Abstract: This article is adapted from zhang Ying, head of real-time computing at Flink Forward Asia 2021. Flink has played an important role in the evolution of real-time computing of job gang, especially greatly improving the development efficiency of real-time tasks with the help of FlinkSQL. This article mainly shares the usage and practical experience of FlinkSQL in homework help, as well as the problems and solutions encountered in the process of building a real-time computing platform from 0 to 1 with the growth of task scale. The contents include:

  1. The development course
  2. Flink SQL application practice
  3. Platform construction
  4. Conclusion outlook

FFA 2021 Live Playback & Presentation PDF download

I. Development history

Homework Help mainly uses artificial intelligence, big data and other technologies to provide students with more efficient learning solutions. Therefore, business data, mainly students to the class situation, knowledge grasp the situation. In the overall architecture, whether binlog or ordinary log is collected and written into Kafka, and written into the storage layer by real-time and offline computing respectively. Based on OLAP, corresponding product services are provided externally, such as workbench and BI analysis tools.

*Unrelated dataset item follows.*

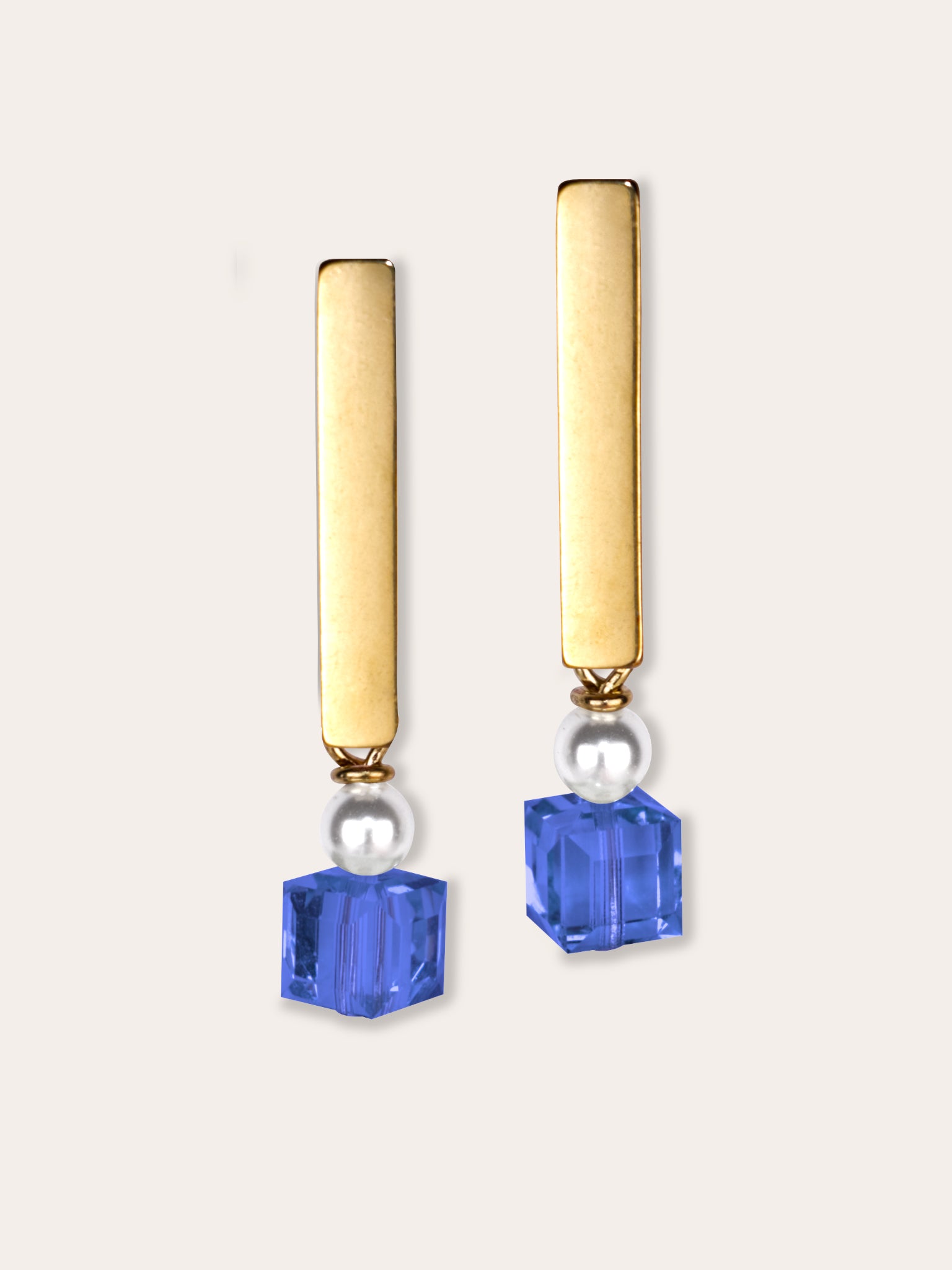Solo cubico earrings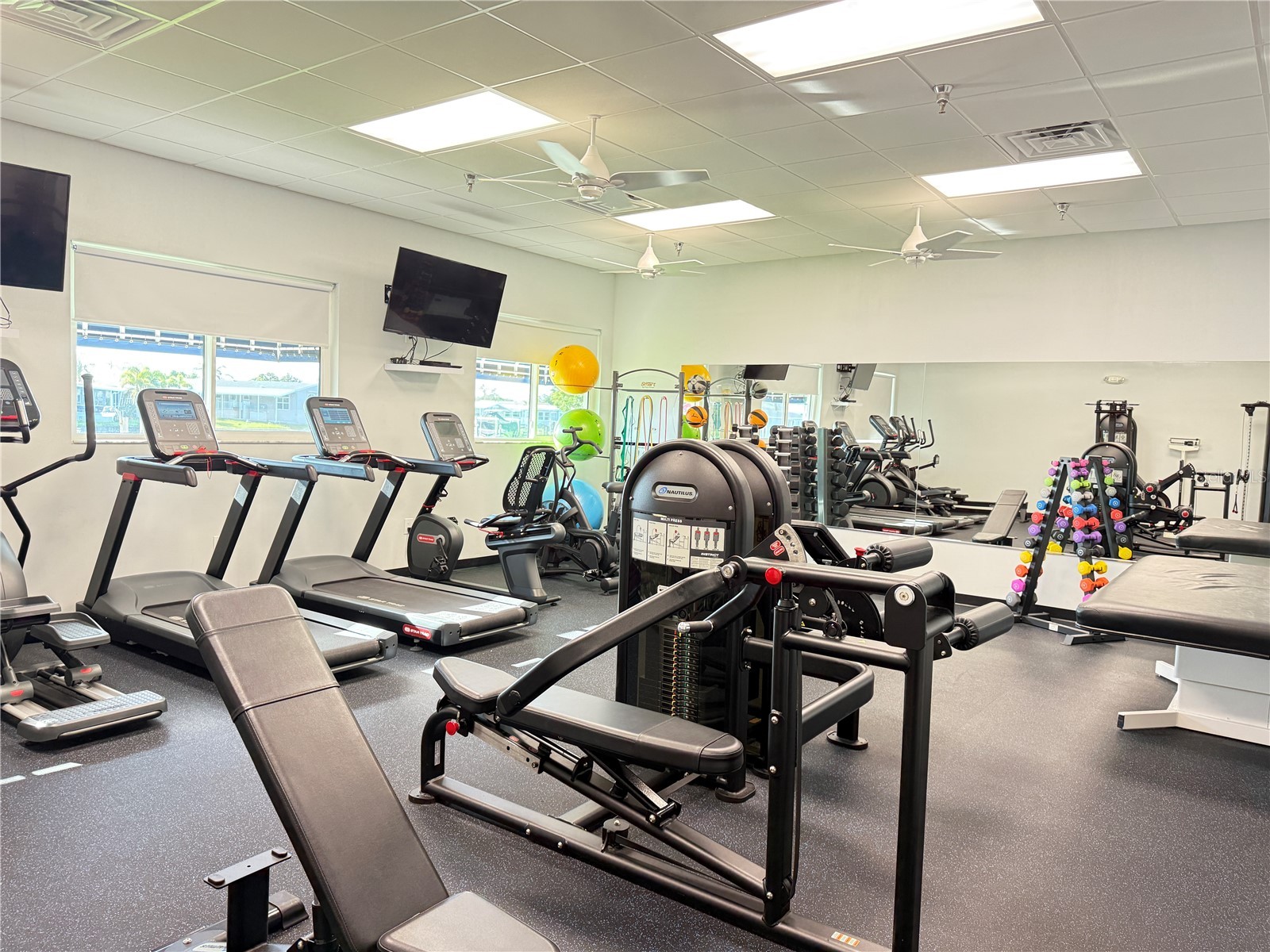 124 Americana Court NE #214 Saint Petersburg FL 33702 - TAMPA BAY TB8512099 image29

At present, the real-time calculation of homework help is mainly based on Flink, and the development process is about three stages:

  1. 19. Real-time computing includes a small amount of SparkStreaming work, provided to tutors and lecturers. In the process of solving real-time requirements, you will find that the development efficiency is very low and the data is almost impossible to reuse;

  2. After that, the general practice is to gradually apply Flink JAR in production practice, and then build a platform and apply Flink SQL after accumulating experience. But in 20 years, the business had a lot of real time computing requirements, and we didn’t have enough development manpower. At that time, Flink SQL 1.9 was released shortly, and SQL functions changed greatly, so our approach was to directly apply Flink SQL in the direction of real-time data warehouse. At present, more than 90% of the tasks of the real-time data warehouse are realized by using Flink SQL.

  3. By November, the number of Flink operations quickly grew to several hundred, and we started building a real-time computing platform from zero to one that supported all of the company’s important lines of business, with computing deployed on multiple clusters in multiple clouds.

The following two aspects will be introduced:

  1. Typical problems encountered in FlinkSQL practice and solutions;
  2. Some thoughts on the construction of real-time computing platform.

Second, Flink SQL application practice

Here is the complete data flow architecture based on Flink SQL:

Once written to Kafka, the topic is automatically registered as a table of metadata, which is the starting point for all subsequent live SQL jobs. Users can use this table in SQL jobs without having to define complex DDLS.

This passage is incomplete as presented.